VICE: Já tivemos um candidato a presidente que não aceitou o resultado depois de perder a eleição?
James McCann: O discurso de concessão sempre é dado, mas tem escolhas que o candidato pode fazer em como dar esse discurso. Um jeito de fazer isso seria o exemplo do Al Gore. Mesmo quando a coisa mais incomum acontece, você demonstra civilidade aceitando a derrota e reconhecendo publicamente a importância da democracia, etc., mesmo se houve irregularidades ou algo incomum na contagem de votos. Para outros, o discurso de concessão é um jeito de abrir caminho para outra eleição, quando você diz algo na linha "Sim, reconheço que perdemos, mas a luta continua. Nossa ideia não perdeu. Teremos outro dia para brilhar". Esse tipo de coisa. E isso é muito compreensível. Pessoas da vida pública são carreiristas, na maior parte. Elas sempre estão pensando na próxima chance.

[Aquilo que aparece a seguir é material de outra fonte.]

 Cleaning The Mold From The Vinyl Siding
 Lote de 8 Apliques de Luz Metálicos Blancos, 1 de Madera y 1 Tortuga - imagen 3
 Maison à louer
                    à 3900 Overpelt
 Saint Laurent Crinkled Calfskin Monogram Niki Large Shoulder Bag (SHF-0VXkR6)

Mas Trump não é carreirista nesse sentido. Ele nunca teve um cargo público.
No caso de Trump, não sei o que seria a próxima chance. Ele não tem os mesmos incentivos para ser civilizado. Se ele diz que nunca mais vai concorrer à presidência, se ele quer preparar o campo para outra atividade profissional, como começar uma nova rede de mídia que rivalizaria com a Fox [News], então ele tem incentivo para ser extremamente desafiador.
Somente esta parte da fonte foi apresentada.